Extended Data Fig. 2 Map evaluation.
a, Local resolution estimation performed in RELION yielded maps that were filtered according to the local resolution estimate47. Displayed are a front view and a slabbed view at a position indicated by the arrow on the left. Colour keys indicate the local resolution in Å. In contrast to the FSC curves in Extended Data Fig. 2b, local resolution has been estimated and depicted for the entire volume of map 1, map 2 and map 3. Map 2 indicates that the ribosomal subunits exhibit a substantial rotational freedom in the initiation complex leading to a poorly resolved 39S if the alignment is focused on the 28S during refinement. b, FSC curves calculated from the two particle half sets from gold-standard 3D refinement (black) or from model versus map (blue) for all three deposited maps and their corresponding PDBs. c, A representative micrograph shows the particle distribution of the 55S initiation complex on cryo-EM grids. d, Euler angle distribution of particles included in the final 3D reconstructions are shown using the .bild file generated in Relion. Distributions for map 1 and map 3 are displayed. Because map 1 and map 2 were generated from the same particle subset, map 2 distribution is expected to be very similar to the one from map 1 and is therefore not shown.

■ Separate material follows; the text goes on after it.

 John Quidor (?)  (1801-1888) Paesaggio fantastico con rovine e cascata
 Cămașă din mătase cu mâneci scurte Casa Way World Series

Extended Data Fig. 3 Quality of the cryo-EM maps around mtIF2 and the role of C-terminal domain of bL12m in subunit joining.
a, Sliced representation of the ternary complex (red) bound between the ribosomal subunits. All domains of mtIF2 are clearly resolved (maps at 2.2 and 4σ). b–e, Magnified views of different areas of mtIF2. b, The contact site of the G domain with domains II and III (maps at 3 and 6σ). c, GTPγS coordinated by the mtIF2 P loop and switch regions 1 and 2 (maps at 2.75 and 5.5σ). d, Domain IV (maps at 2.75 and 5.5σ). e, Map filtered to 5 Å showing bL12m-CTD bound to the solvent-side of the mtIF2 G-domain and opposite to GTPγS. The ribosomal L7–L12 stalk forms part of the conserved GTPase activating centre of the ribosomal large subunit in all kingdoms of life48. It enhances recruitment of translational GTPases to cytoplasmic ribosomes via its flexibly attached C-terminal domain (CTD), which has been observed to bind the G′ domains in EF-G and RF349,50,51. However, G′ does not exist in mtIF2. In the initiation complex, we show that bL12m-CTD recognizes the G-domain of mtIF2 on the surface-exposed side opposite the catalytic centre. Since initiation complex formation involves binding of mtIF2 to the small ribosomal subunit before the large subunit joins, the observed interactions of mtIF2 with bL12m may be important to promote subunit joining to form the 55S mitoribosomal initiation complex rather than recruitment of mtIF2 to the assembled ribosome. The bL12m-CTD was modelled with PHYRE236 using PDB 1CTF38 as a template and docked as a rigid body. Experimental densities are shown at two different contour levels (1.5 and 3σ).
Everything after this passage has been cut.